What's interesting with Microsoft's announcement is that it's seems more like a sell-side platform or private exchange in that the only publisher members selling in the Microsoft Advertising Exchange is Microsoft itself. But, that seems like "just for now" as van der Kooi outlines his expectations for publishers in the post. Nevertheless, Microsoft has moved forward (and out of alphas and betas) with its partner and RTB-technology investment, AppNexus, into the brave new world of real-time display as van der Kooi had discussed in a February interview with AdExchanger.com.

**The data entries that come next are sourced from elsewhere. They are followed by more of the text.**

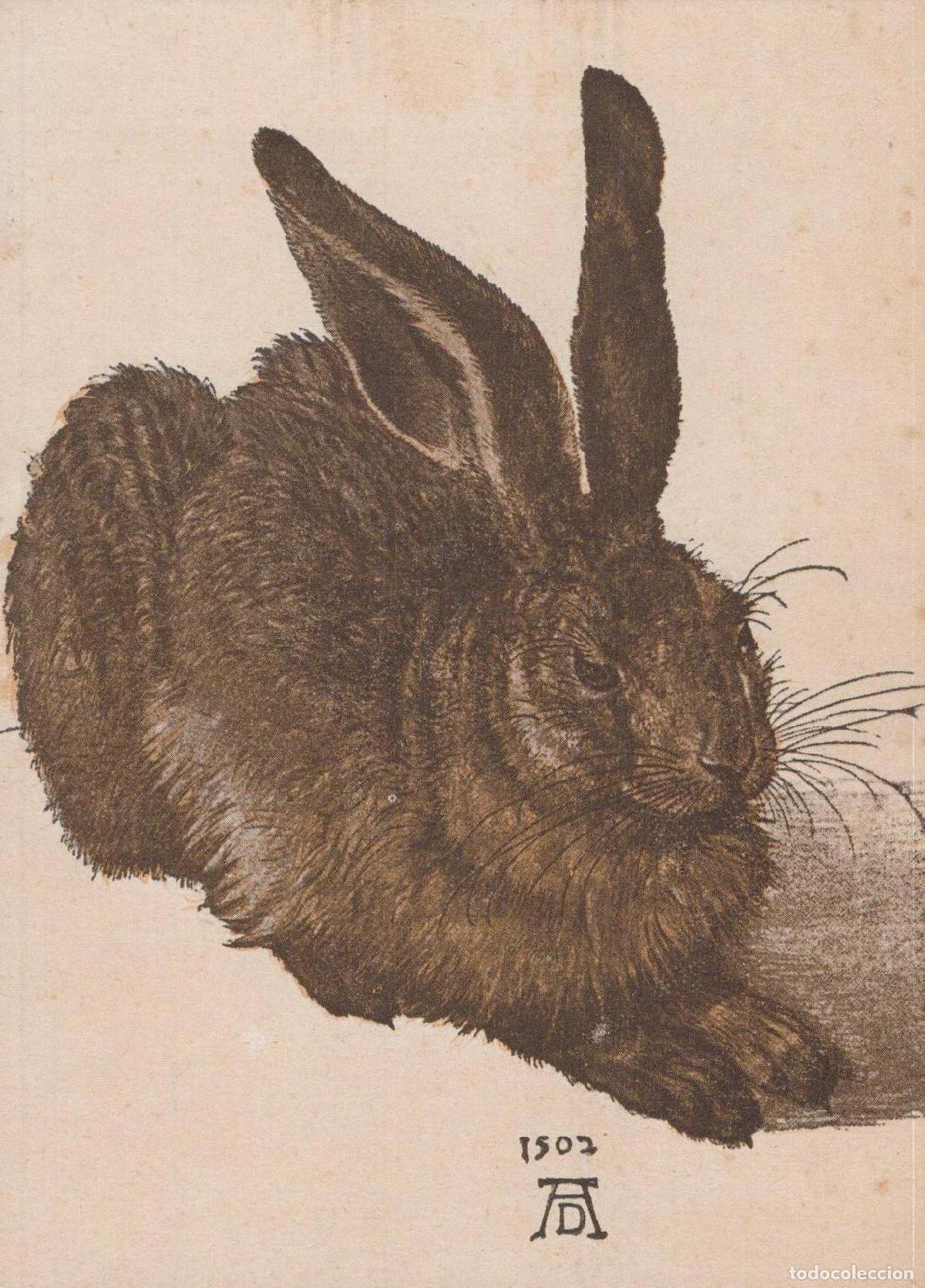 Cartoline: Germany Nuremberg Albrecht D&uuml;rer Young Hare 1502 Art Unposted *YAU103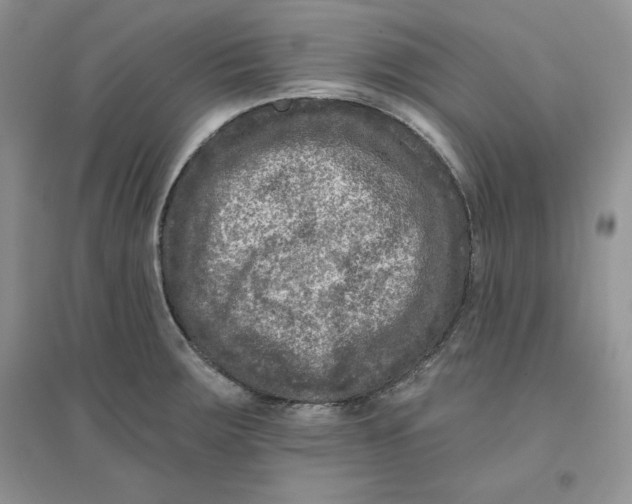 X0000096171283200802081403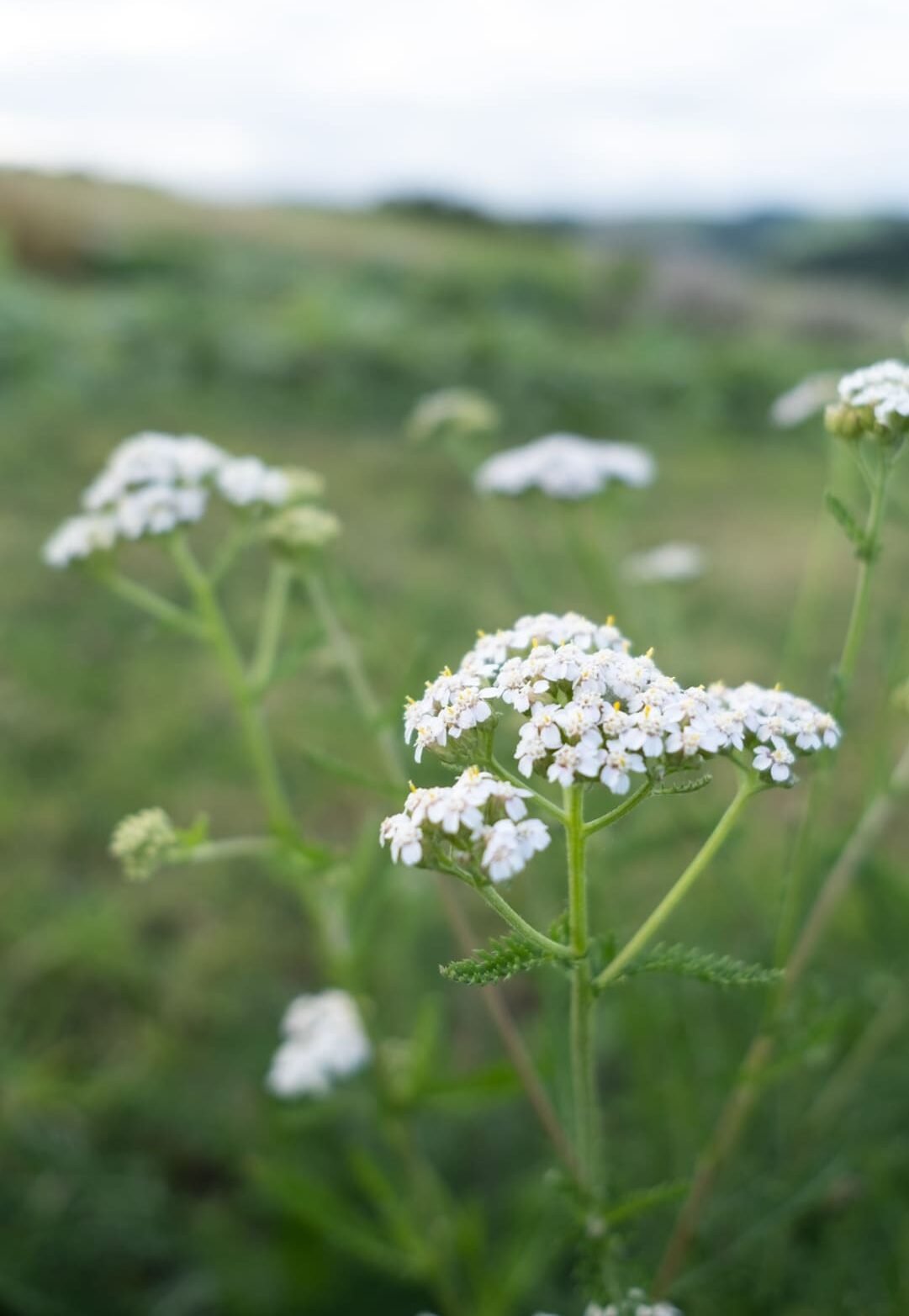 Achillée Millefeuille Milenrama Cycle féminin règles douloureuses rééquilibrage hormonal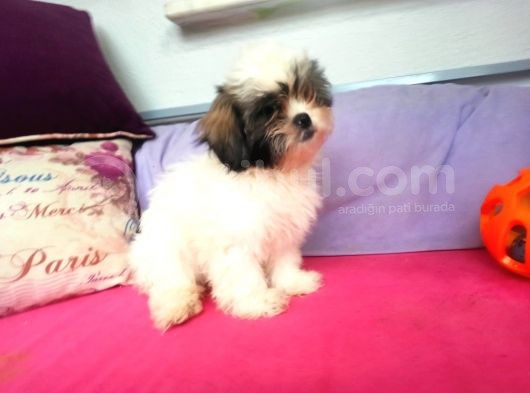 Shih Tzu( Şitsu ) Yavruları görsel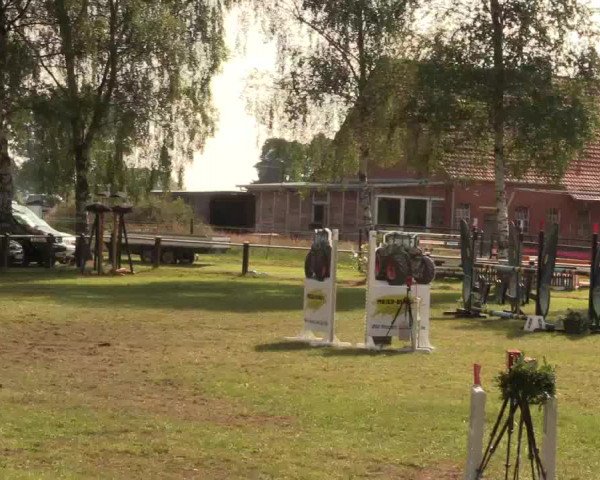 Reitturnier Hille 2017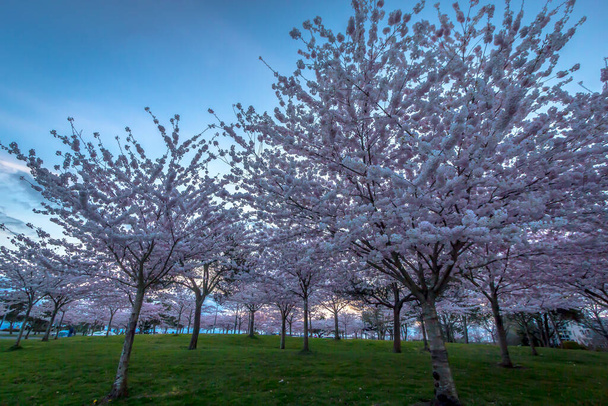 Kirsikankukat Kevät Richmond BC Kanada  - Valokuva, kuva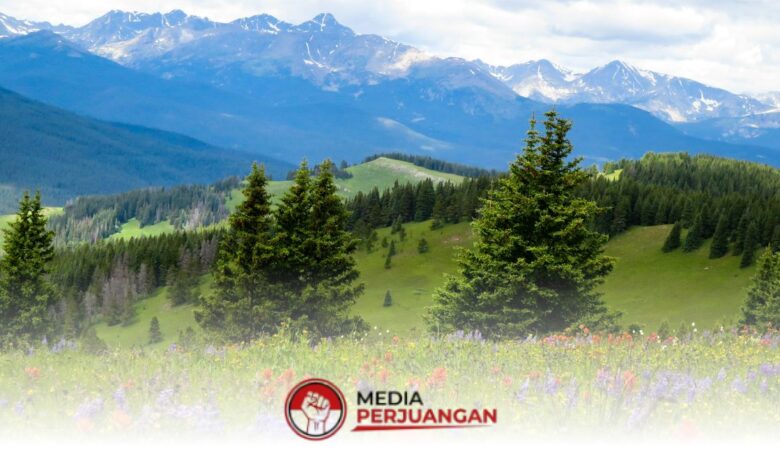 Cerah Mendominasi Jatim, Pagi Ini Kabut Tipis Hanya Mengintai 5 Wilayah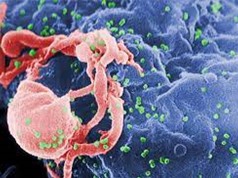 Người thứ ba trên thế giới được chữa khỏi HIV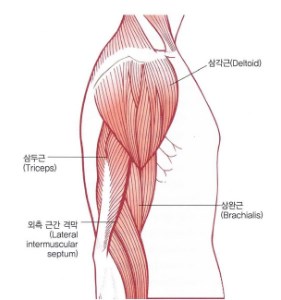 피티플렉스 이미지
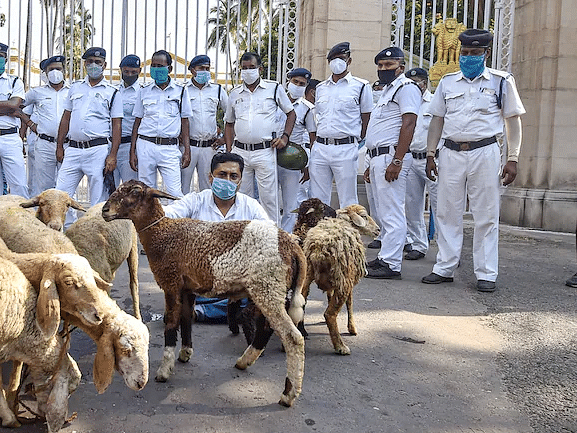 மேற்கு வங்கம்: ஆளுநர் மாளிகை வாசலில்  ஆடுகளுடன் போராட்டம்; கொதித்த ஆளுநர்!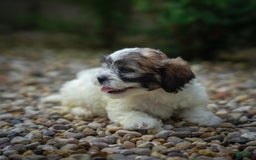 Teddy Bear dogs for sale: Marshmallow - Image 2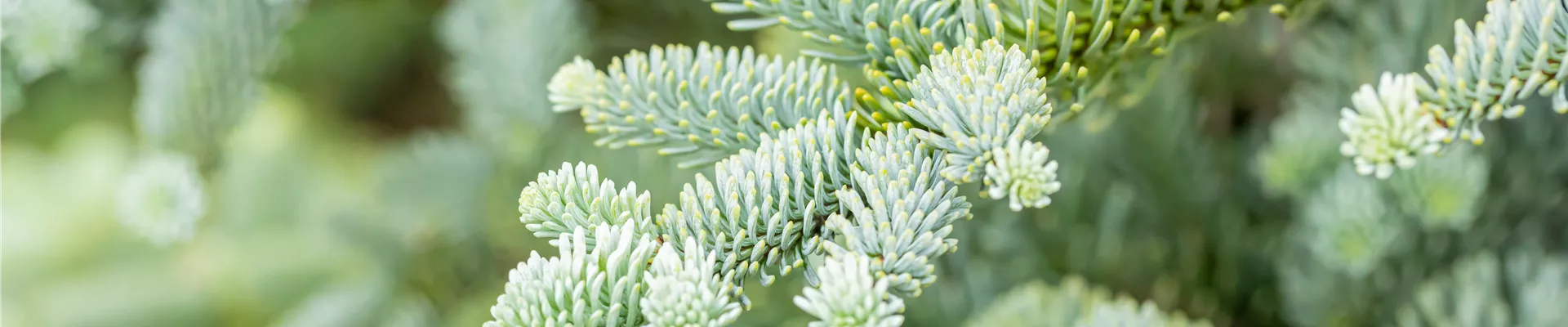 GS763754.jpg GS763754.jpg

It will also be interesting to hear about how much non-guaranteed inventory is funneled into the Exchange versus what is sold on a guaranteed basis by Microsoft's direct sales media team. On the buy side, DSPs and ad networks will be playing the guaranteed/non-guaranteed game as they manage their own buy-side yield. As they do with Yahoo! today, they will be able to get on top of the ad network stack (and see the user earlier in the session which may improve performance) when they buy direct from Microsoft versus when they buy through the exchange.